Eve geldiğimde karnıma saplanan inanılmaz bir acıyla yere çöktüm. Elimdeki anahtarı gelişi güzel bir yere bırakıp bir süre öyle bekledim. Acının geçmeyeceğini ve bu ay her zamankinden daha fazla olacağına emindim. Yaşadığım stres, korku ve birçok travma yüzünden zaten gecikmişti; ki buna şaşırmıyordum.Biraz olsun iyi hissedince hızlıca ayağa kalktım ve koşar adımlarla banyoya girdim. Aceleyle işimi halledip ellerimi yıkadım, banyodan çıktım. Karnımdaki ağrı geçmeyince yavaş yavaş odama doğru yürümeye başladım. Zorlukla üzerime rahat bir şeyler giydim. Kendimi yatağa bırakıp gözlerimi kapattım. Tekrar gelen sancıyla yüzüm buruştu. Ellerim refleks olarak karnıma gitti ve oraya bastırdım. Dayanamayacağımı anladığımda, hala yatmamış olduğunu düşünerek Leya'yı aradım. İlk çalışta açınca derin bir nefes alıp zorlukla ismini söyledim. Sesimin kötü olduğunu anlayınca korkulu sesini duydum. "Leya, regl oldum ve çok fazla ağrım var." Uyuşan ellerim zorla tutuyordu telefonu. "Yanıma gelir misin?" Diye sordum, son kalan gücümle. Geleceğini söyleyince onu başımı sallayarak onayladım ama görmedi elbette. Telefonu kapattı, hazırlanmak için. Telefonu yanıma bırakıp cenin pozisyonu aldım. Ellerimi kapatıp açarak uyuşukluğu engellemeye çalışsam da ayaklarıma vuran karıncalanma hissi bunun tam tersini söylüyordu. Gözlerimi kapattım, bir süre hareketsizce yattım yatakta.

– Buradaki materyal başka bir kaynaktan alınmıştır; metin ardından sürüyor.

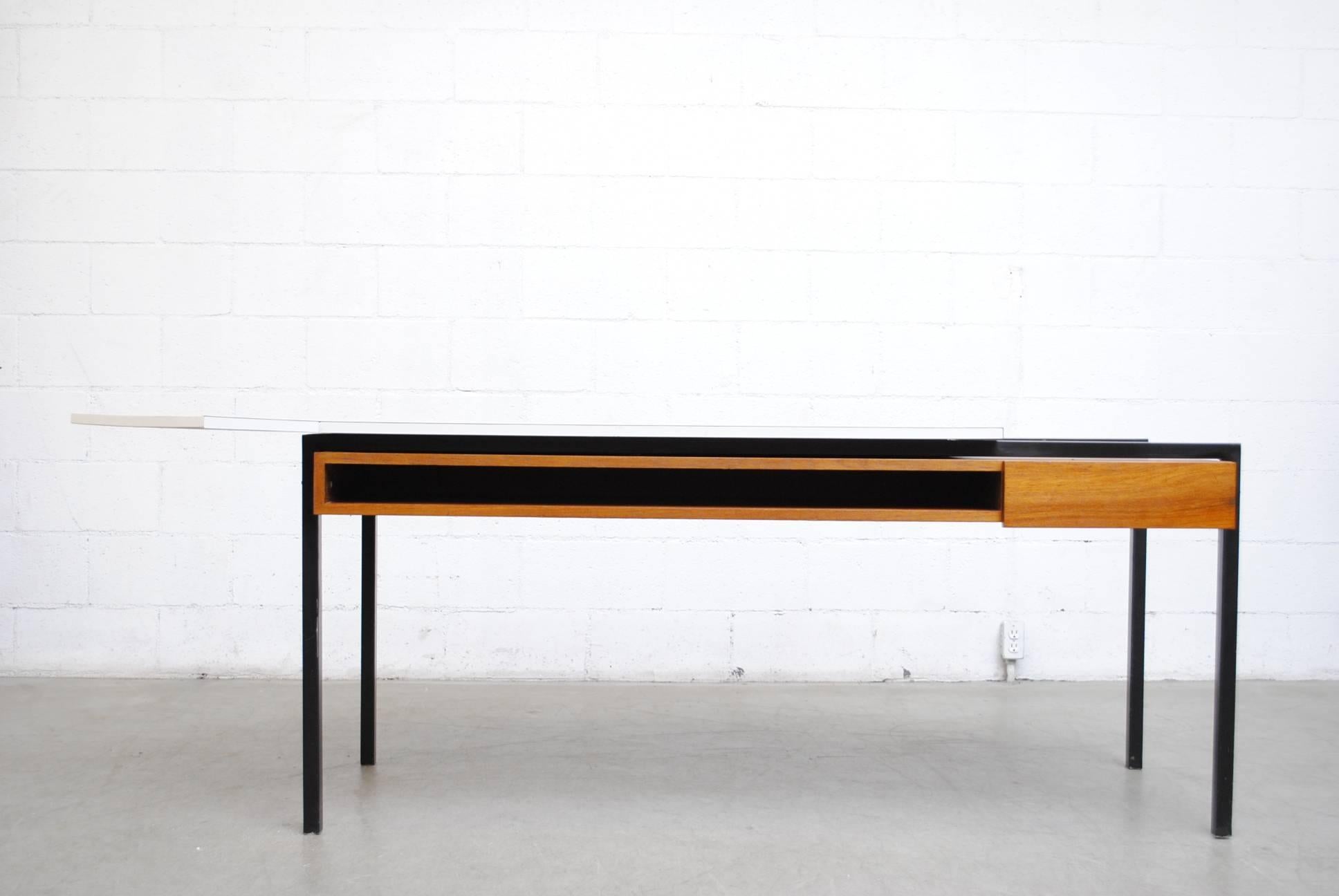 Amazing! Formica topped teak and enameled metal framed desk with stealth storage shelf and right-side drawer. Cantilevered architectural top. Designed by Bas Van Pelt in his early years and produced by his wife after his death in the war. Rare and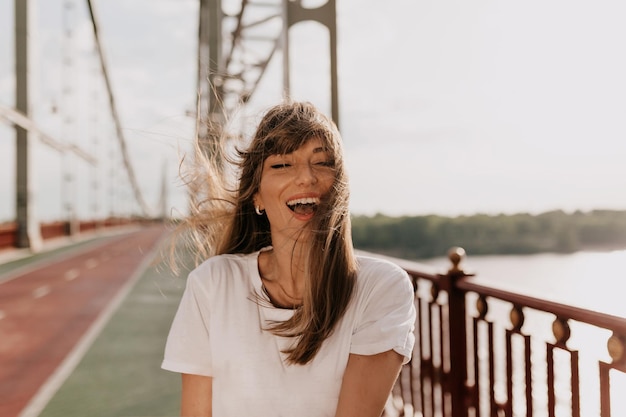 Mujer riendo emocionada con una sonrisa maravillosa con camiseta blanca si los ojos cerrados y sonriendo y disfrutando de la mañana de verano caminando por el puente en la ciudad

Ne kadar zaman geçti bilmiyorum ama zil sesiyle gözlerimi açtım. Yavaşça doğrulup yataktan kalktım ve bir kez daha çalan zil sesiyle yürümeye başladım, zorlukla. Leya olduğunu bildiğim için kendimi çok zorlamıyordum. Kapıya ulaşıp kulpundan tuttum. Aşağıya indirdiğimde açılmış oldu. Karşımda telaşlı gözlerle bakan Leya'yı görünce hafifçe gülümsedim. "Hoşgeldin." Dedim, sessizce. "Hiç hoş bulmadım." Diyerek eve girdi. O ceketini çıkartıp asarken kapıyı kapattım.
"Şu haline bak ya kıyamam sana." Kolumdan tutarak bana destek olunca rahatladım. "İyi ki geldin." Dediğimde saçlarımdan öptü. Leya'nın yardımıyla daha rahat yürüyerek odama kadar geldim. Beni tekrar yatağıma yatırdı, beklememi ve bana sıcak bir şeyler yapacağını söyledi. Hiçbir şey dememe fırsat vermeden odamdan çıktı. Leya gibi bir arkadaşım olduğu için çok şanslıydım. Mutfaktan gelen sesler eşliğinde yatakta yattım, bir süre. Zaman geçtikçe daha da artan ağrım, bu gece bana uyku olmadığının habercisiydi. Aniden gelen sancıyla güçlü bir inleme dudaklarımın arasından çıktı. Leya'nın koşar adımlarını duyduğumda gözümden akan damlayı sildim.
"Tuana!" Kapıdan içeriye girdi, telaşla. "İyi misin?" Dediğinde kafamı olumsuz anlamda salladım. Karanlık odayı aydınlatmak adına ışığı açtı. Hala gözlerimi açamadığım ve kıvrandığım için bana çok etki etmemişti. "Gel, kalk bi' yürümeye çalış." Dese de ben hareket bile edemiyordum. "Yok, bu böyle olmaz." Dedi, halimi görünce. "Hastaneye gidiyoruz." Karnımdaki acıyı umursamadan hızlıca ona döndüm. "Hayır," dedim, sertçe. "bana sakın 'hastane' deme." Diye de ekledim. Hastane benim travmam olmuştu neredeyse. Artık önünden bile geçmek istemiyordum.